2018 > Waqt al-tagheer: time of change

Shireen Taweel
Shireen Taweel
2018

musallah | Shireen Taweel | 2017
pierced copper
180 x 180 x 30cm.
Courtesy the artist.

Photograph - Sam Roberts Photography

musallah (2017) is a work that responds directly to the oldest standing mosque located in Broken Hill, New South Wales. The mosque is situated on the site of the former ‘camel camp’ where Afghan and Indian camel drivers loaded and unloaded their camel teams, from the earliest day of Broken Hill. The site and its history are part of reinterpretation of Muslimhood within contemporary, cross-cultural Australian communities. A translated landscape along these ideas intrigues me – representations of Australian identities only just touch the surface of the diversity of communities who have found a home here.
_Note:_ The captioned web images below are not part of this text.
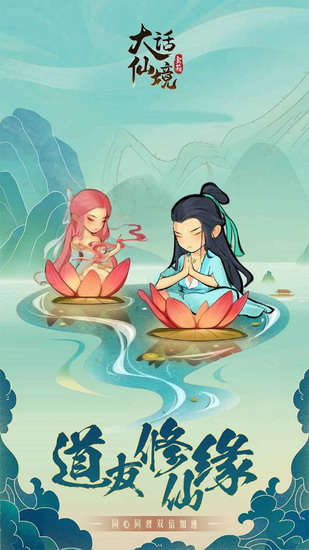 大话仙境手游下载 大话仙境手游下载安卓版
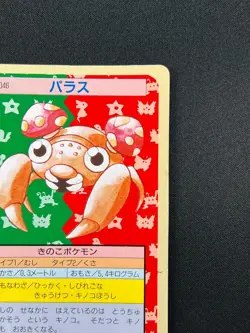 [NM] Paras Topsun Green Back 046 Pokemon Card Japanese 1995 10A29 - Image 5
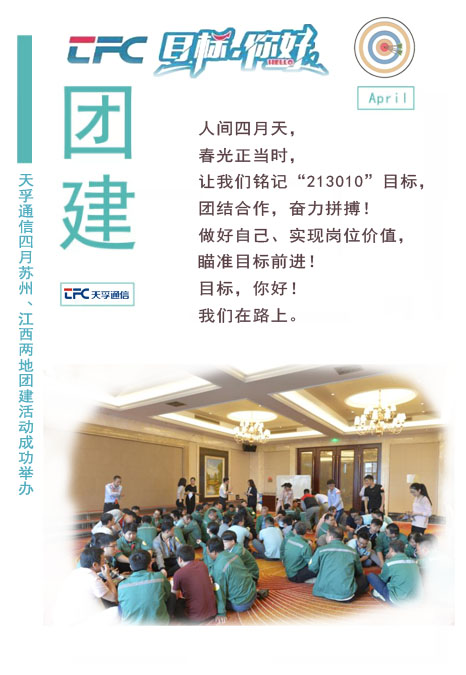 南宫·NG(中国)电子游戏官网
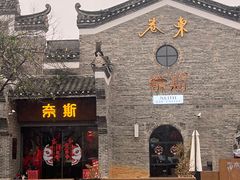 -东西巷
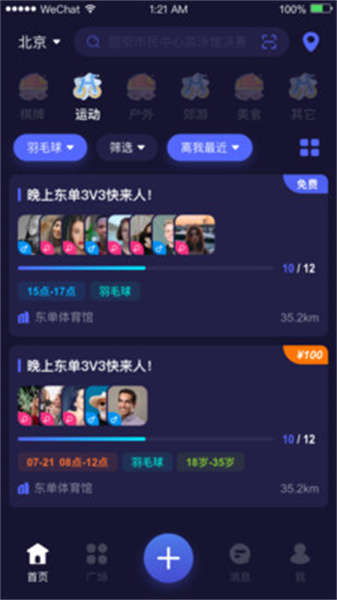 PK联盟图4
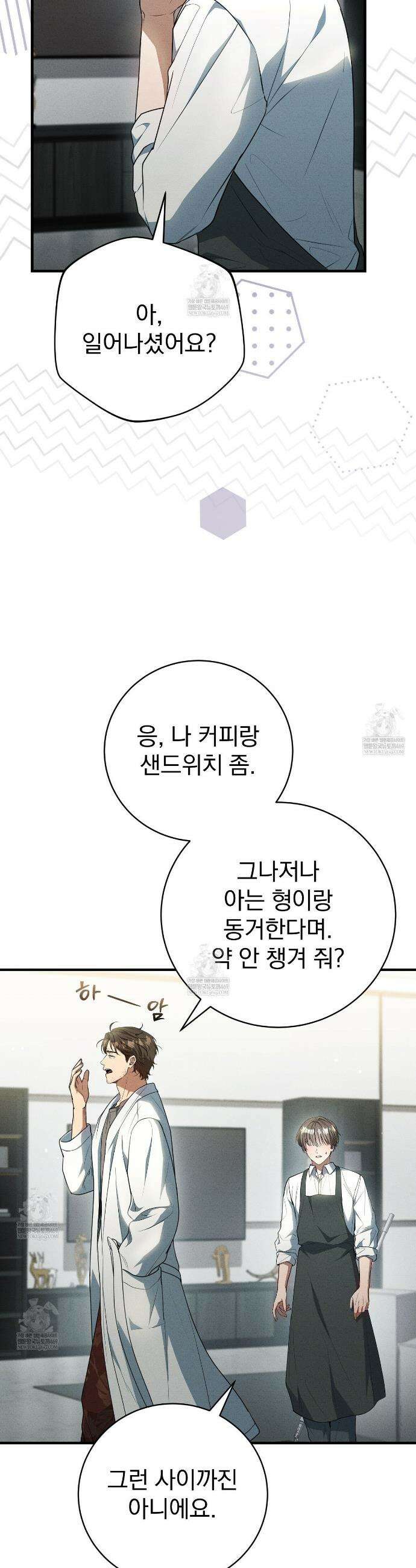 소금 심장 21화 8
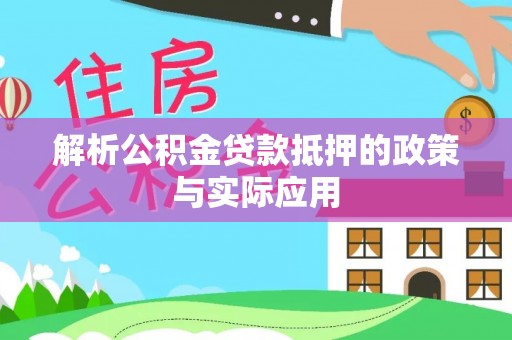 博尔塔拉蒙古解析公积金贷款抵押的政策与实际应用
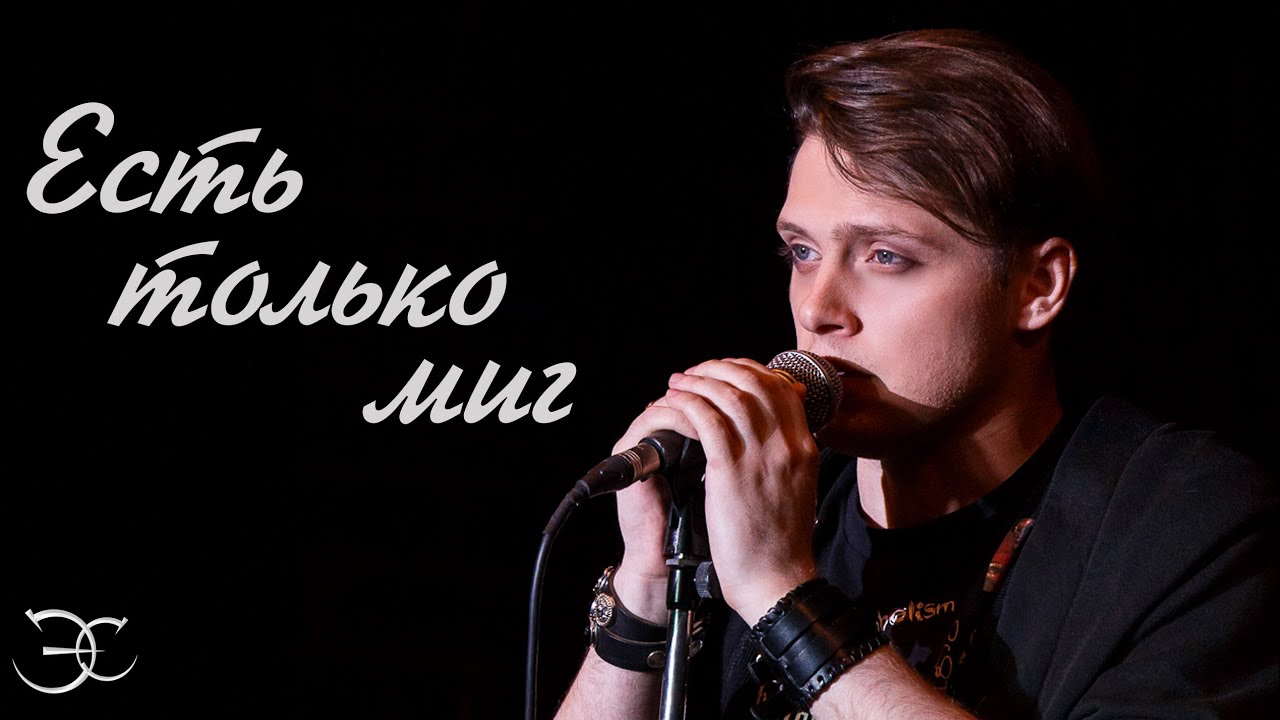Эмиль Салес - Есть только миг (из к/ф «Земля Санникова»)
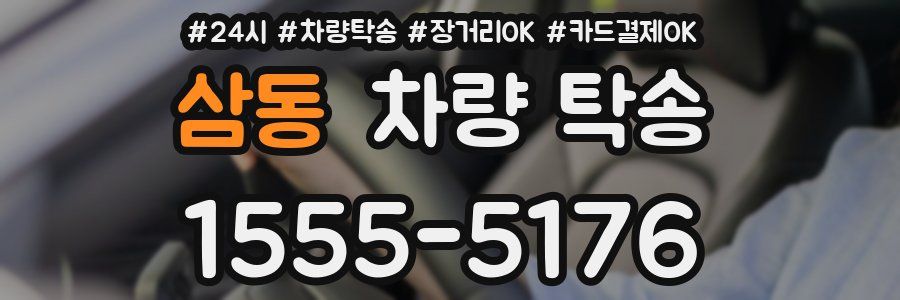 삼동 차량 탁송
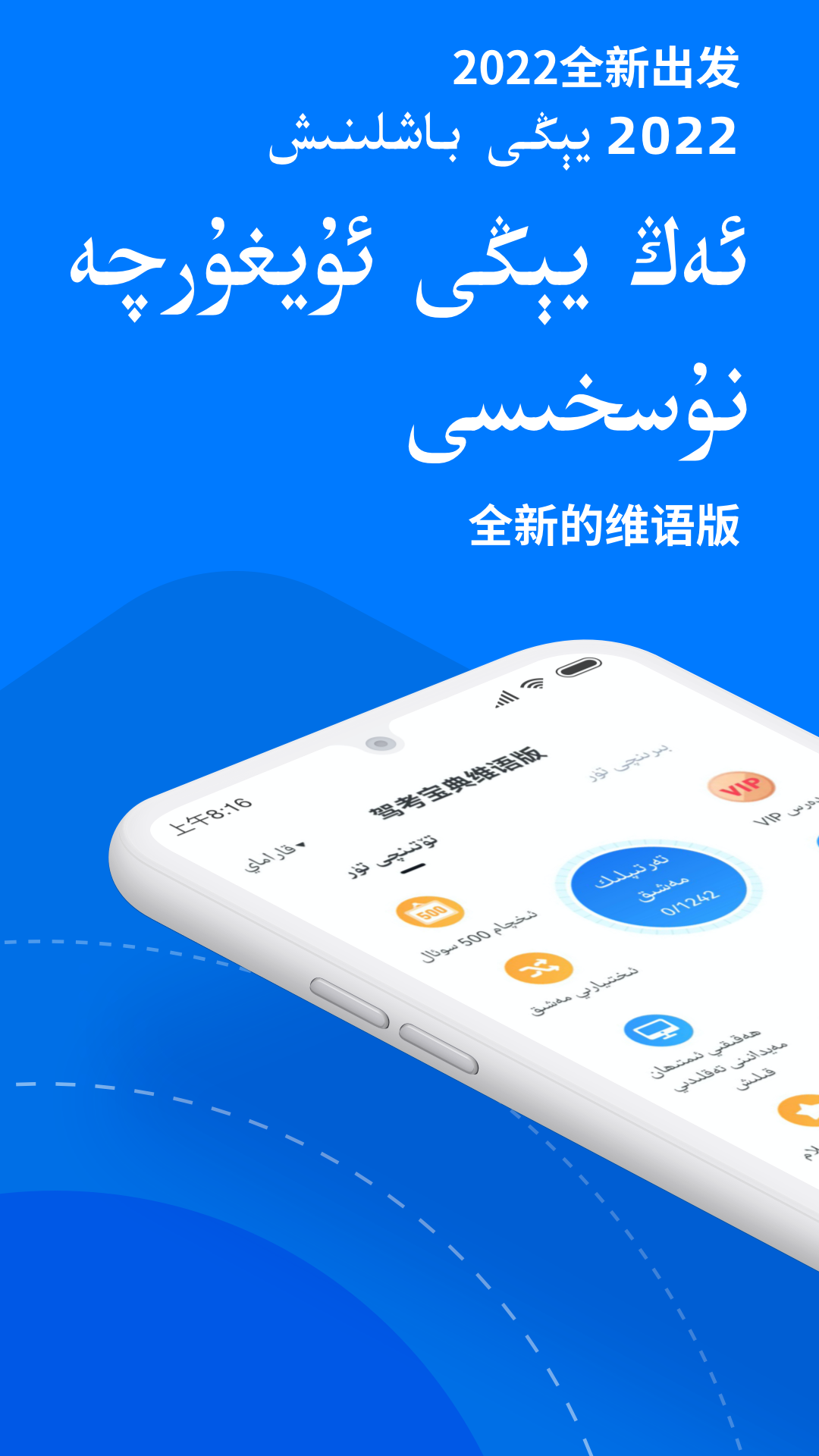 驾考宝典维语版2023 v1.4.0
Formed from sheet copper and pierced traditionally by hand, musallah draws direct links to the relationship of the first Afghan settles to the land and their experiences of transience to our relationship to the landscape and currents to our own familiar environments. In this country, we rarely see ourselves as having legitimate roots and the story and heritage of the Afghan cameleers defies the erasure of our identity as Muslims in transnational settings. In direct dialogue between the urban with the rural, musallah bridges across distance and geography, bring to the public the interconnectivity of cultural synchronism within Australia’s Muslim communities.